++++ Input records

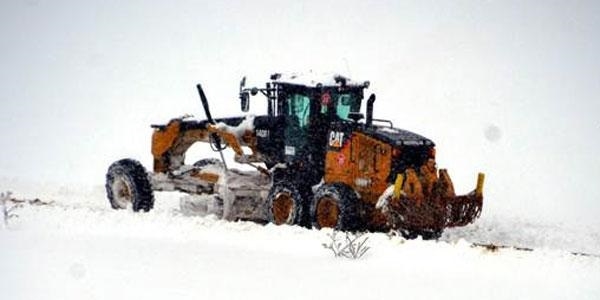 Kar nedeniyle 1065 köy yolu ulaşıma kapandı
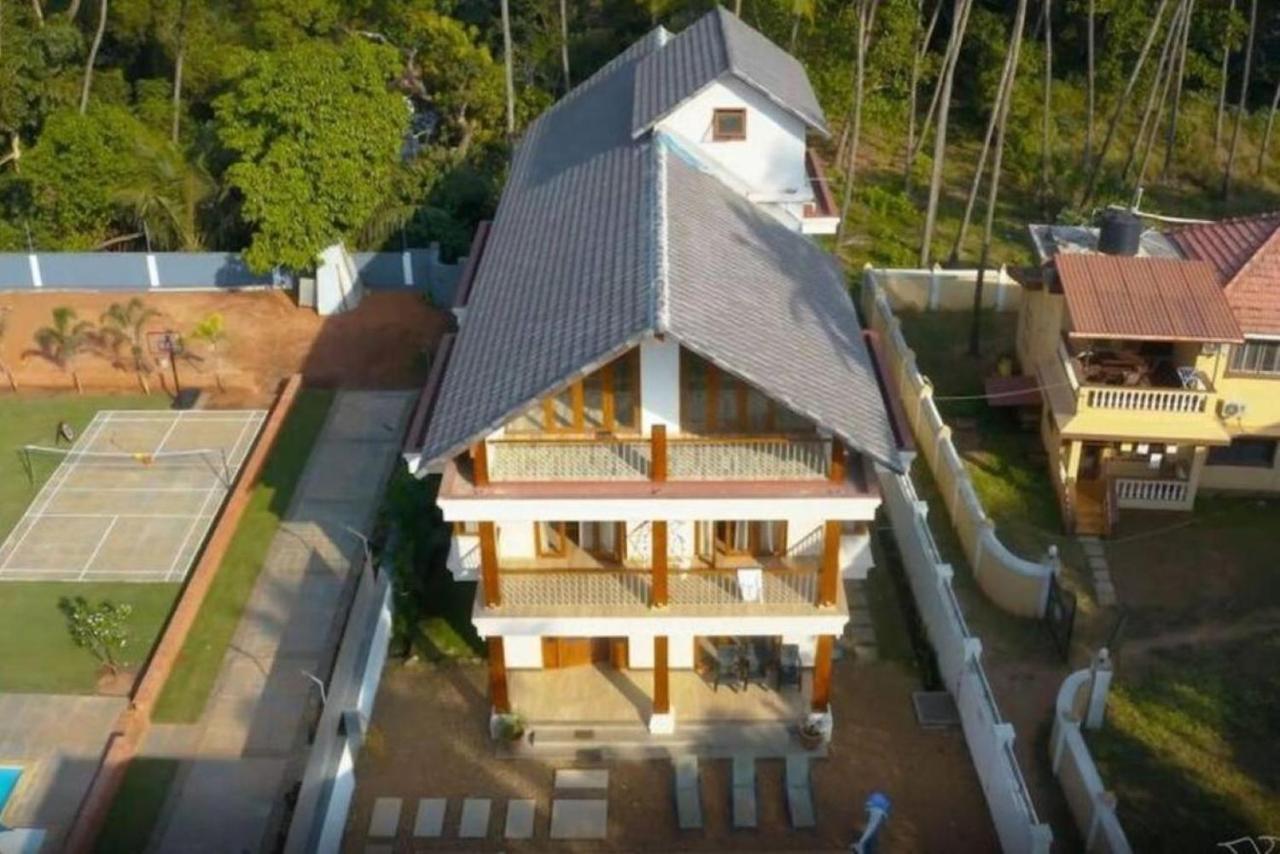 Luxury Rental With Kids Playroom In Goa Calangute Exterior photo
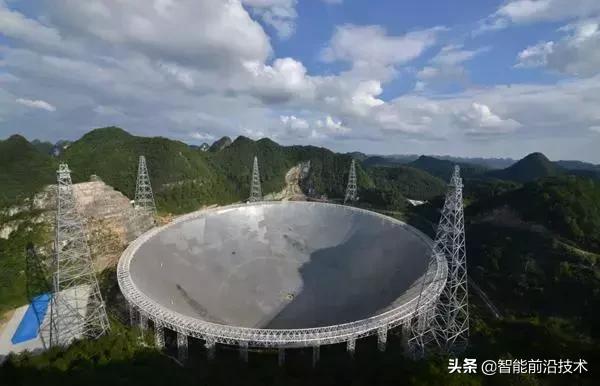 中国天眼看到宇宙的画面,看天眼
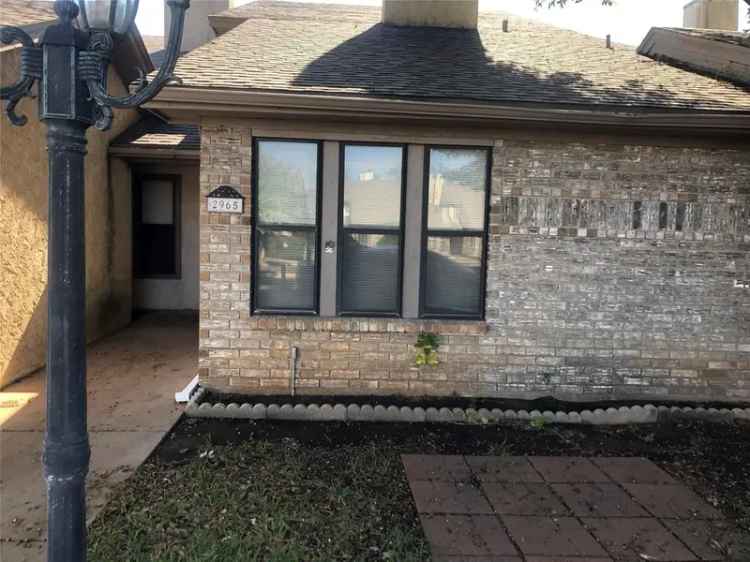 2 Bedroom 2 Bath Apartment near Redbud Park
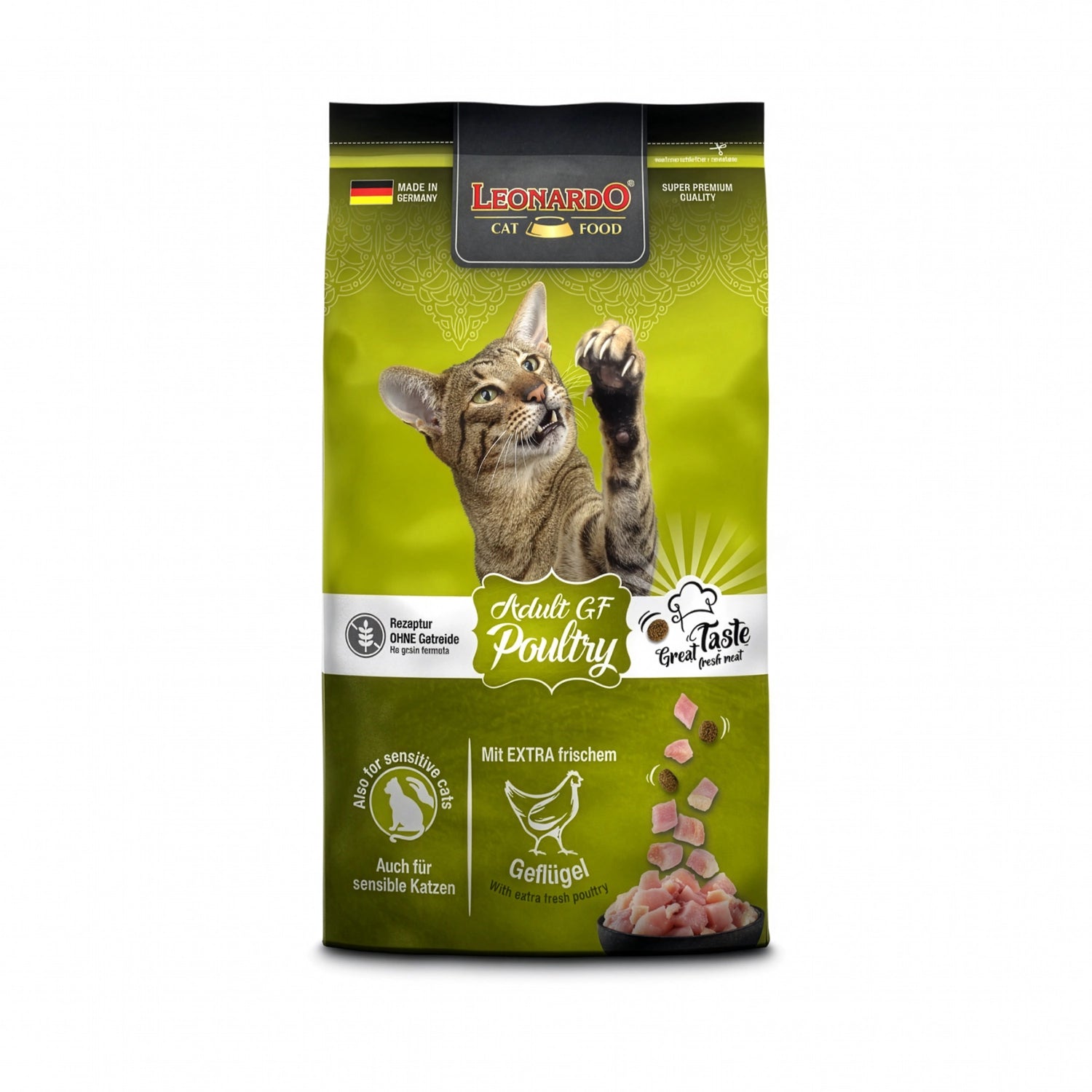 Leonardo Gato Adulto GF Poultry alimento para gatos sensibles, bolsa verde con gato atigrado y ave fresca.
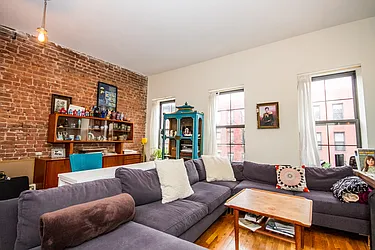 Rented by Twyford Real Estate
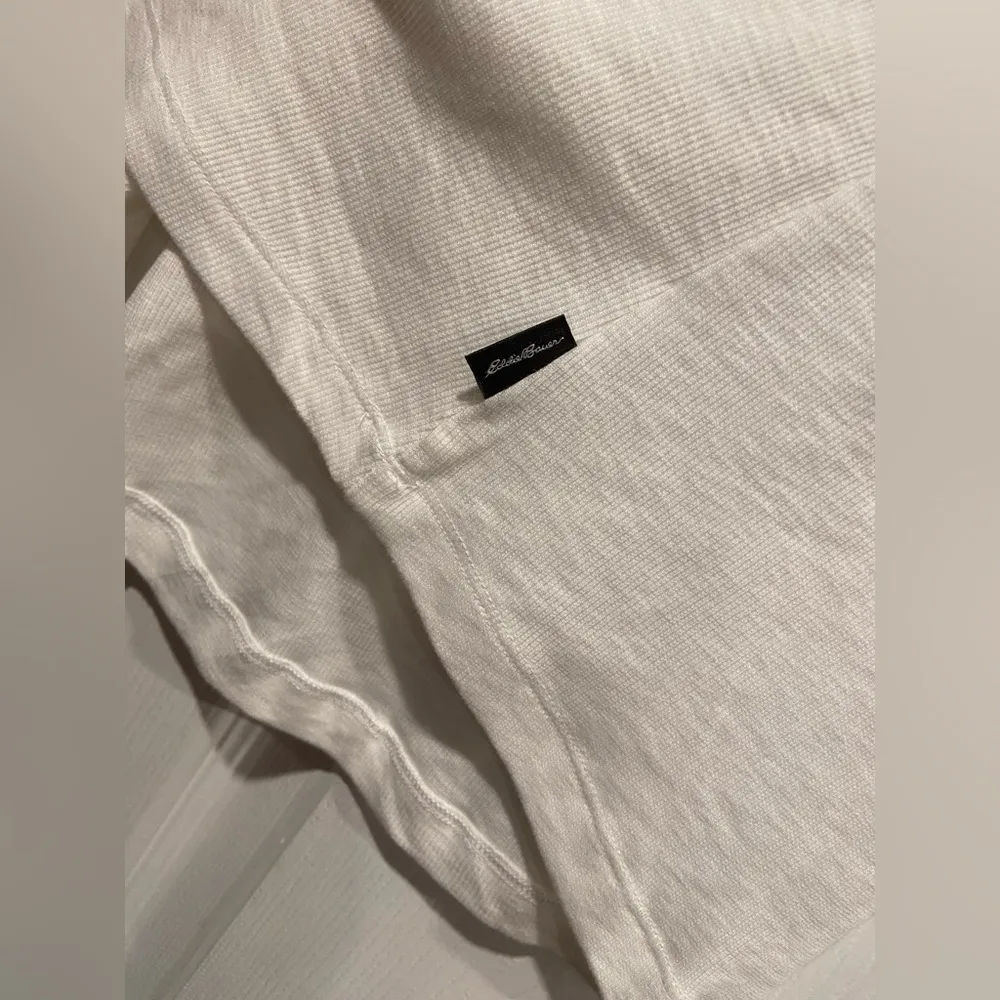 NWT Eddie Bauer Size XL White Cotton Scoop Neck Snap Long Sleeve Henley Top - Image 7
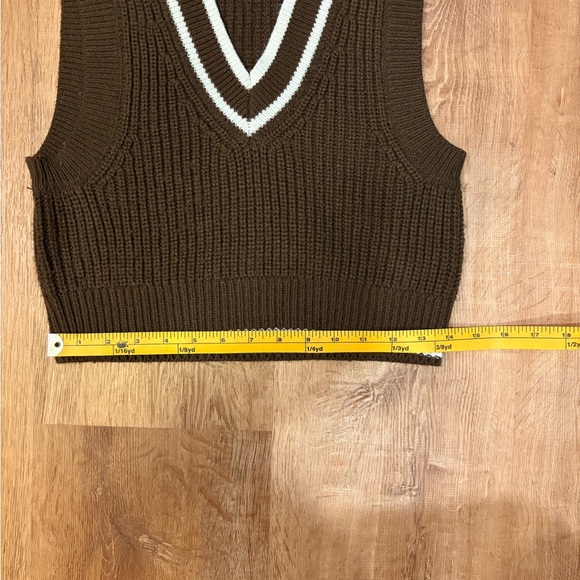 Divided by H&M Women’s Brown Sweater Vest Size XS Preppy School Girl Academia - Picture 9 of 10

++++++++

What this task involves: Copy all of the entries verbatim, leaving out any pictures they contain.

Exercise solution:
 Kar nedeniyle 1065 köy yolu ulaşıma kapandı
 Luxury Rental With Kids Playroom In Goa Calangute Exterior photo
 中国天眼看到宇宙的画面,看天眼
 2 Bedroom 2 Bath Apartment near Redbud Park
 Leonardo Gato Adulto GF Poultry alimento para gatos sensibles, bolsa verde con gato atigrado y ave fresca.
 Rented by Twyford Real Estate
 NWT Eddie Bauer Size XL White Cotton Scoop Neck Snap Long Sleeve Henley Top - Image 7
 Divided by H&M Women’s Brown Sweater Vest Size XS Preppy School Girl Academia - Picture 9 of 10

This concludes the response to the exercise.